_Task directions_. Reproduce each line of the material exactly as it reads.

_Material for the task_.
*** Begin section ***

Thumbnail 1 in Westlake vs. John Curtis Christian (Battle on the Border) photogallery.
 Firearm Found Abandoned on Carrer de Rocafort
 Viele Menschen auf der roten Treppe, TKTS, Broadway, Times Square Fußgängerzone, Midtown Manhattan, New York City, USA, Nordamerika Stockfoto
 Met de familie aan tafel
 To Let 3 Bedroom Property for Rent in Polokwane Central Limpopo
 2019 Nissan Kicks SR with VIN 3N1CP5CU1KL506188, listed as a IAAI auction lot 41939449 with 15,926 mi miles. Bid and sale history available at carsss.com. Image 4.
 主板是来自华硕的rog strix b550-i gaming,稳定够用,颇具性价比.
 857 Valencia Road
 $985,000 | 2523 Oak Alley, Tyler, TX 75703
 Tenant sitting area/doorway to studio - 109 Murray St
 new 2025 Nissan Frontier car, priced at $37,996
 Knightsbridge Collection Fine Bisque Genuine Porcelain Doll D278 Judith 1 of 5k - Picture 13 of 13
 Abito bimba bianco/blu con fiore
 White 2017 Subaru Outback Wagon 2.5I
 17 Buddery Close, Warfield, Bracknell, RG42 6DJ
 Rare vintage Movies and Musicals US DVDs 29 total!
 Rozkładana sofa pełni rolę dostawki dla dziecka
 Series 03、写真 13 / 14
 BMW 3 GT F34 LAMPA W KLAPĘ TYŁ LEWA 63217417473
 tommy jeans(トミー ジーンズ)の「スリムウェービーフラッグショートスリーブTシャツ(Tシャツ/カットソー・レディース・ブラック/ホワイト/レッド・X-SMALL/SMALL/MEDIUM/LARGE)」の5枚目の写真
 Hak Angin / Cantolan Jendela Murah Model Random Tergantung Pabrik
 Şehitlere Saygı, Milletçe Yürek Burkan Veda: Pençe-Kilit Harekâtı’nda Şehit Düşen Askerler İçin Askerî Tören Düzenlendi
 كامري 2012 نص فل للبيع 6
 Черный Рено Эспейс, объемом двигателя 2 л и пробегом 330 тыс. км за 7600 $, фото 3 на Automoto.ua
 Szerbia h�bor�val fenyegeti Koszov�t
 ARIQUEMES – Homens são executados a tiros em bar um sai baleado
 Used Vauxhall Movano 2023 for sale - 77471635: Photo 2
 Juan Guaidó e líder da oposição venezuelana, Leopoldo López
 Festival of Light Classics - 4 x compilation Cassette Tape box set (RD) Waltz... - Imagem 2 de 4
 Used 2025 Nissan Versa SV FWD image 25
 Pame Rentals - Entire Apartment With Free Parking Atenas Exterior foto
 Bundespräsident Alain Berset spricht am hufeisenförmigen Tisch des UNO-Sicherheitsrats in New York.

*** End section ***

_Completed task_.
Thumbnail 1 in Westlake vs. John Curtis Christian (Battle on the Border) photogallery.
 Firearm Found Abandoned on Carrer de Rocafort
 Viele Menschen auf der roten Treppe, TKTS, Broadway, Times Square Fußgängerzone, Midtown Manhattan, New York City, USA, Nordamerika Stockfoto
 Met de familie aan tafel
 To Let 3 Bedroom Property for Rent in Polokwane Central Limpopo
 2019 Nissan Kicks SR with VIN 3N1CP5CU1KL506188, listed as a IAAI auction lot 41939449 with 15,926 mi miles. Bid and sale history available at carsss.com. Image 4.
 主板是来自华硕的rog strix b550-i gaming,稳定够用,颇具性价比.
 857 Valencia Road
 $985,000 | 2523 Oak Alley, Tyler, TX 75703
 Tenant sitting area/doorway to studio - 109 Murray St
 new 2025 Nissan Frontier car, priced at $37,996
 Knightsbridge Collection Fine Bisque Genuine Porcelain Doll D278 Judith 1 of 5k - Picture 13 of 13
 Abito bimba bianco/blu con fiore
 White 2017 Subaru Outback Wagon 2.5I
 17 Buddery Close, Warfield, Bracknell, RG42 6DJ
 Rare vintage Movies and Musicals US DVDs 29 total!
 Rozkładana sofa pełni rolę dostawki dla dziecka
 Series 03、写真 13 / 14
 BMW 3 GT F34 LAMPA W KLAPĘ TYŁ LEWA 63217417473
 tommy jeans(トミー ジーンズ)の「スリムウェービーフラッグショートスリーブTシャツ(Tシャツ/カットソー・レディース・ブラック/ホワイト/レッド・X-SMALL/SMALL/MEDIUM/LARGE)」の5枚目の写真
 Hak Angin / Cantolan Jendela Murah Model Random Tergantung Pabrik
 Şehitlere Saygı, Milletçe Yürek Burkan Veda: Pençe-Kilit Harekâtı’nda Şehit Düşen Askerler İçin Askerî Tören Düzenlendi
 كامري 2012 نص فل للبيع 6
 Черный Рено Эспейс, объемом двигателя 2 л и пробегом 330 тыс. км за 7600 $, фото 3 на Automoto.ua
 Szerbia h�bor�val fenyegeti Koszov�t
 ARIQUEMES – Homens são executados a tiros em bar um sai baleado
 Used Vauxhall Movano 2023 for sale - 77471635: Photo 2
 Juan Guaidó e líder da oposição venezuelana, Leopoldo López
 Festival of Light Classics - 4 x compilation Cassette Tape box set (RD) Waltz... - Imagem 2 de 4
 Used 2025 Nissan Versa SV FWD image 25
 Pame Rentals - Entire Apartment With Free Parking Atenas Exterior foto
 Bundespräsident Alain Berset spricht am hufeisenförmigen Tisch des UNO-Sicherheitsrats in New York.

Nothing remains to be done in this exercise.